Философия науки. Выпуск 6 — страница 47 из 61

Истоки этого кризиса, считал Лосский, следовало искать в философии Нового времени. Идея самоценности человеческой личности и актуальности роли самосознания, выдвинутая философией XVII века, оказала колоссальное влияние не только на социально-политическую мысль в Европе, но и на формирование принципиально нового подхода к теории знания. Причем, если в общесоциальном плане эта идея оказалась безусловно прогрессивной, то в гносеологии — ошибочной и даже вредной. Порочность ее состояла в жестком противопоставлении “Я” и “не-Я”, субъекта и объекта. Первый не только обособляет себя от объекта, но и становится судьей последнего. Это был путь к субъективизму и абсолютному скептицизму. И если классический рационализм с его чрезмерной склонностью к “чистому интеллектуализму” пошел по этому пути вполне сознательно, то эмпиризм оказался на нем de facto. Справедливо указав на опыт как на основу всякого знания, он, однако, свел его к чувственному восприятию реальной действительности и тем самым привел к “обессмысливанию” последней.
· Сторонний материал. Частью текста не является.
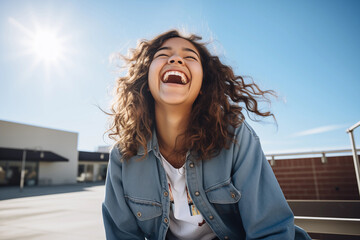 portrait of a high school teenage girl on campus with dark brown curly hair laughing  with eyes closed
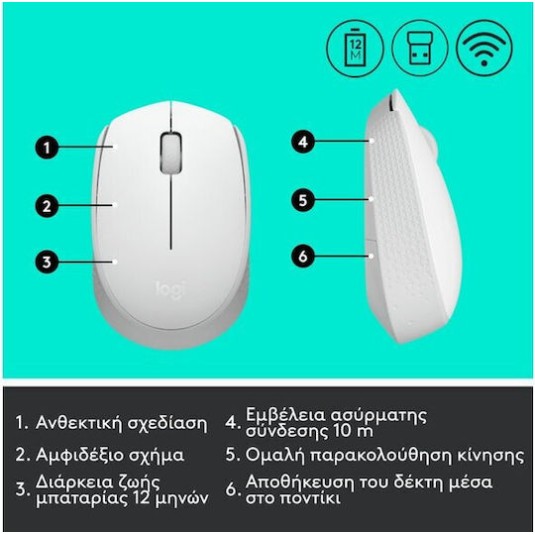 Logitech M171 Ασύρματο Ποντίκι Off White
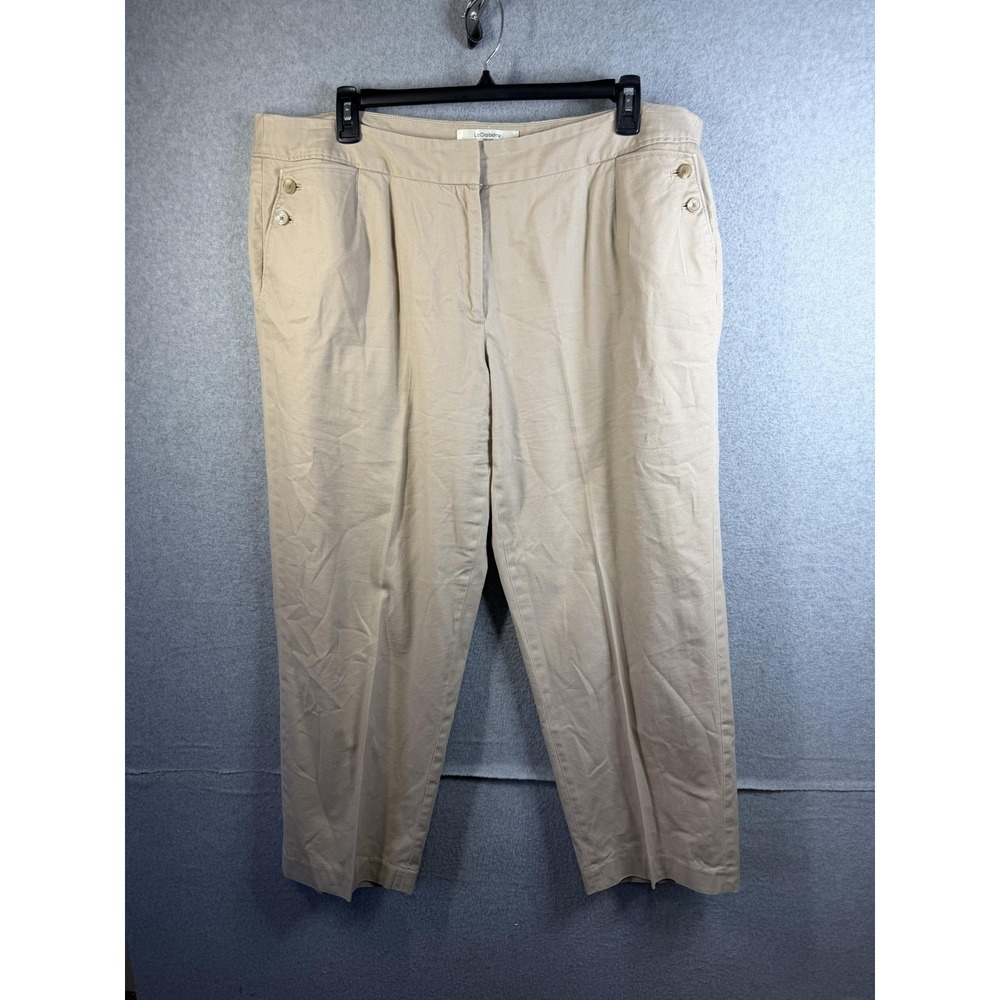 Liz Claiborne Pants Womens 20W Beige Jackie Pleated Twill Pull On Relaxed Chino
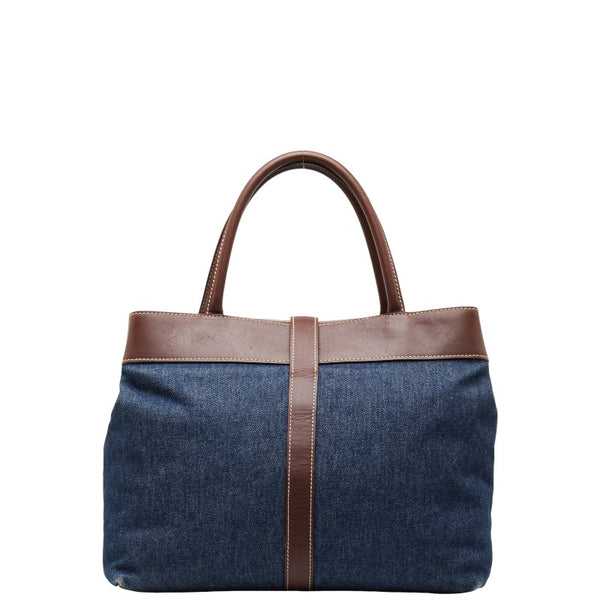 シャネル ココマーク ハンドバッグ トートバッグ ブルー ブラウン デニム レザー レディース CHANEL 【中古】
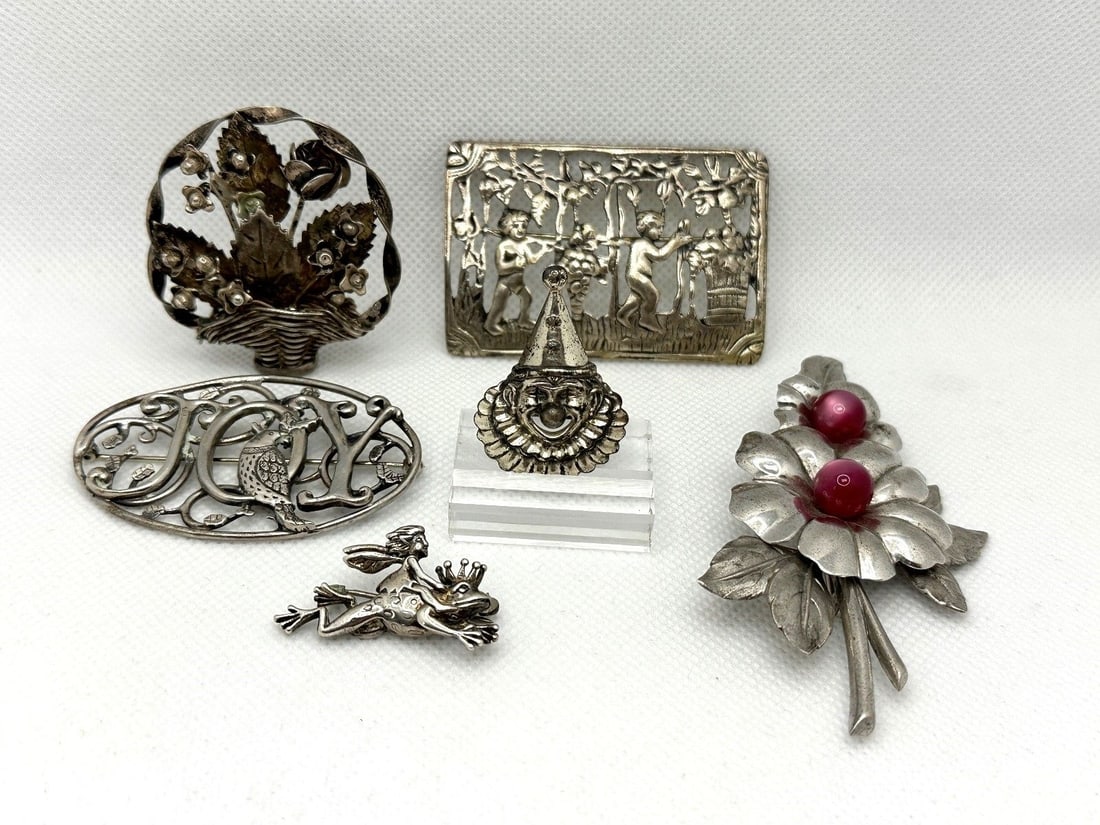 (7) Sterling Silver Brooches; Beau, H & H, Raffaele: (7) Sterling Silver Brooches; Beau, H & H, Raffaele: Includes Beau clown, Taylord, Jelaine, H & H, Raffaele.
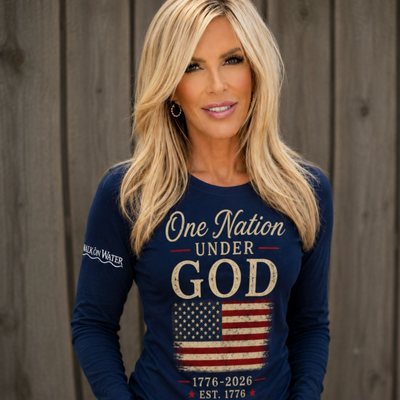 AL6008-Navy Long Sleeve One Nation Womans Patriotic Tee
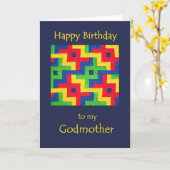 Carte d'anniversaire pour Godmère - Patchwork Quil (Fleur jaune)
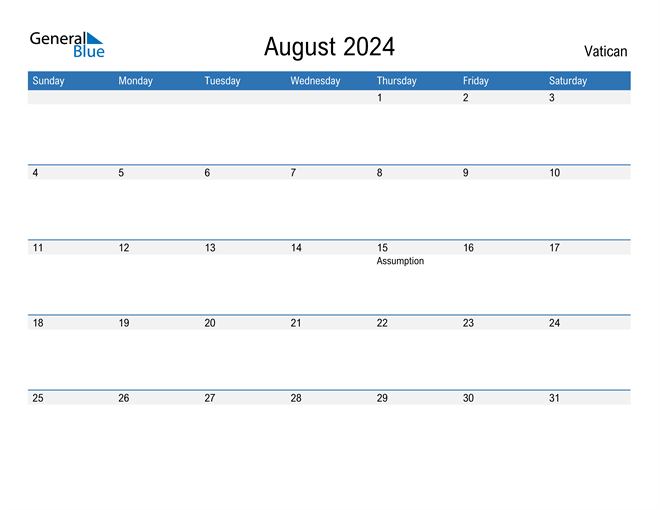 August 2024 Calendar with Vatican Holidays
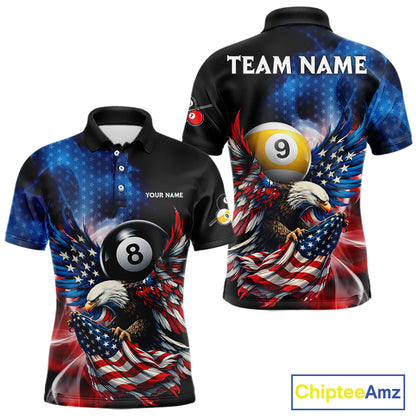 US Flag Eagle Pool 8 Ball & 9 Ball Men's Billiard Shirt Custom Freedom Patriotic Billiard Attire NYN2548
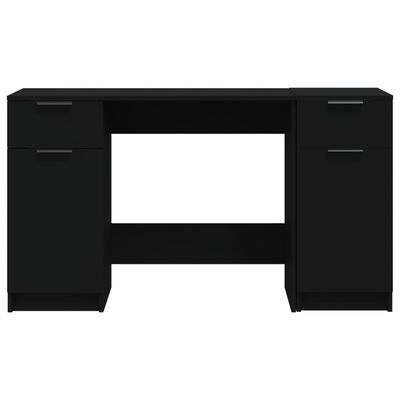 vidaXL Skrivebord med sideskap svart konstruert tre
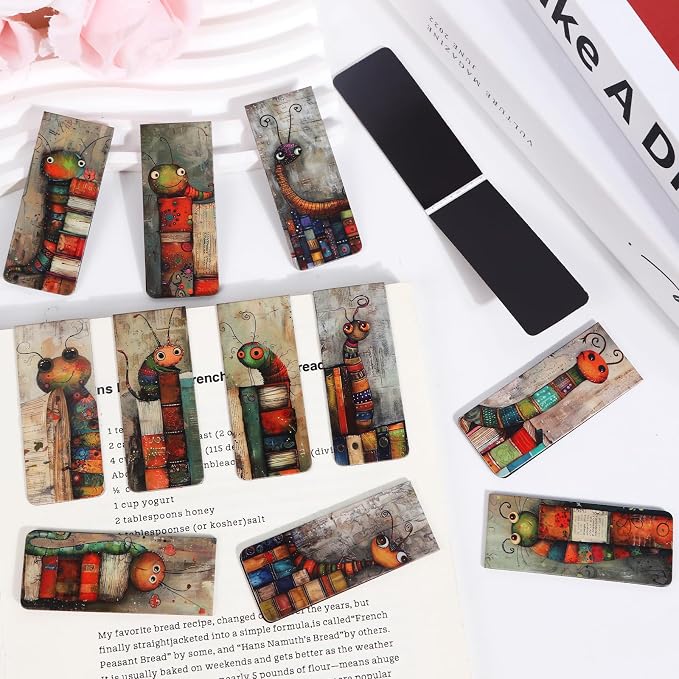 Funny Bookworms Magnetic Bookmark Gift - Wxiben 30 Pcs Book Lover Bookmarks Magnets Bookish Book Marks Cute Insects Page Magnets Marker Clip Gift for Women Men Students Teacher Teens Reading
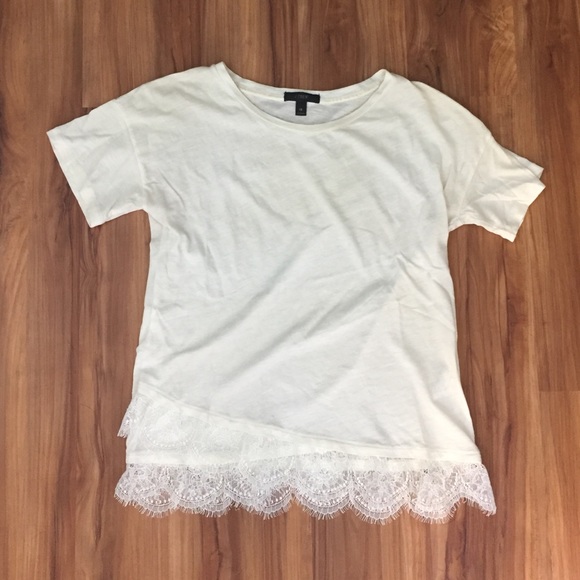 J. Crew Lace Trimmed Tee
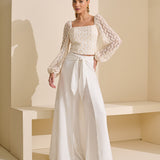 Calça Pantalona com Saia e Amarração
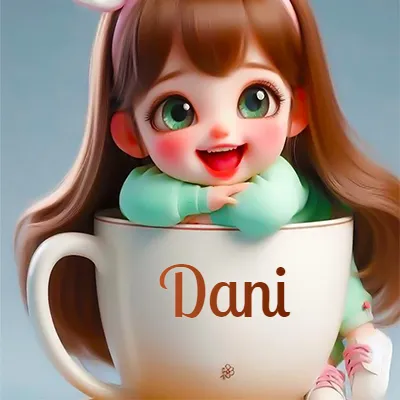 Taza de café gigante con el nombre, apoyada por una niña pequeña de ojos verdes y sonrisa brillante, como si fuera Pulgarcita. - Dani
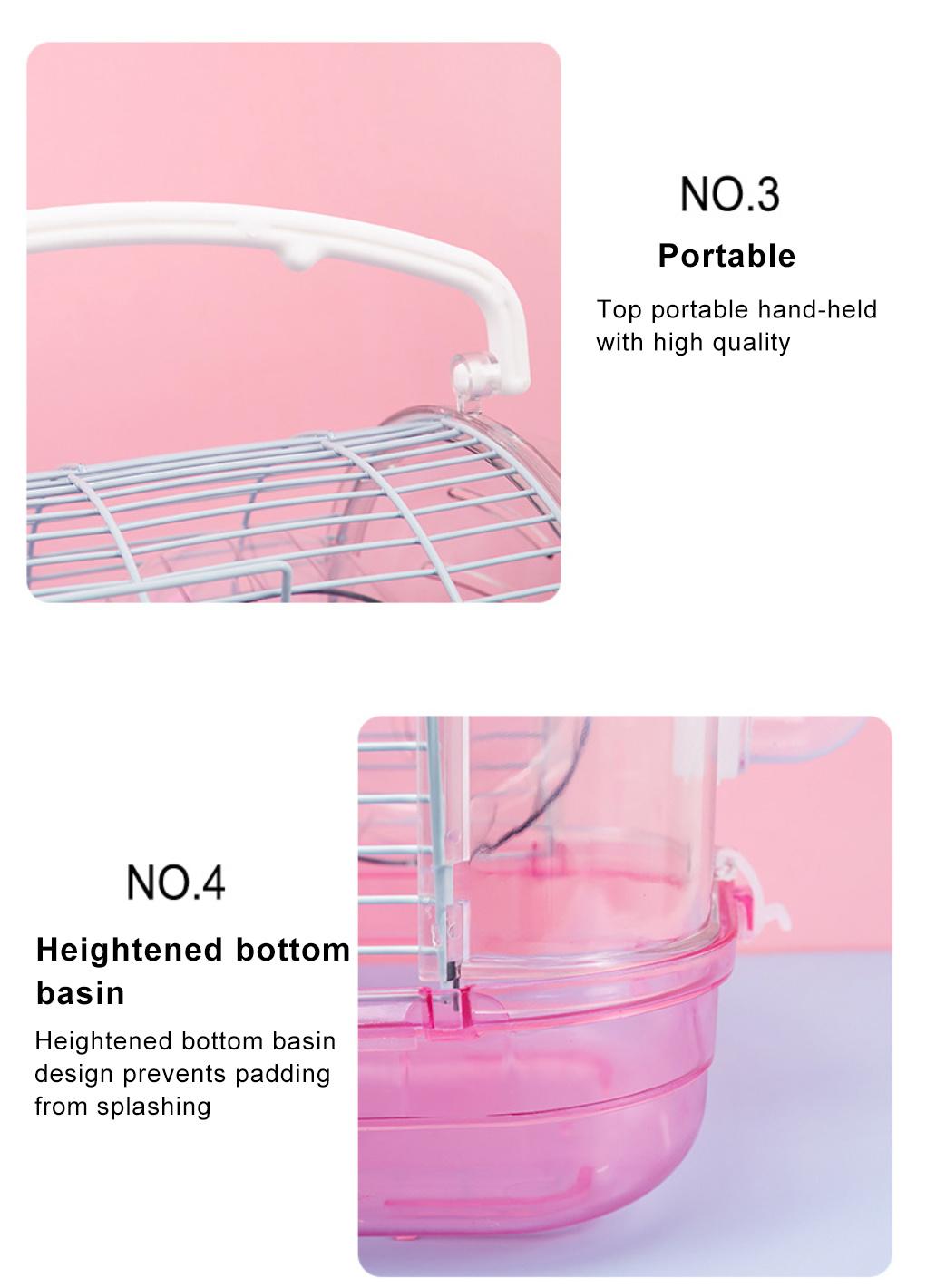 Three Colors Plastic Acrylic Rabbit Cage Pet Cage Hamster Grande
Первым, кто выступил с критикой противопоставления субъекта и объекта, был, по мнению Лосского, Кант. Назвав “гениальным” кантовский критический метод, он, вместе о тем, с сожалением отмечает, что немецкий философ не смог полностью преодолеть пороки “отвлеченного” рационализма и “индивидуалистического” эмпиризма. Привычка оценивать процесс знания исходя из “Я” слишком укоренилась в философии. Мир реальных вещей для него — мир явлений, априорно упорядоченных личностных представлений. Кант обеднил созданную им трансцендентную логику, сведя рациональные синтетические формы к субъективным психическим синтезам. Даже Бог становится у него “правилом синтеза ощущений”. Устранив раскол между знанием и явлением, Кант приводит к расколу между явлением и вещью-в-себе. Эти и другие его заблуждения, резюмирует Лосский, достигли своего апогея в неокантианстве.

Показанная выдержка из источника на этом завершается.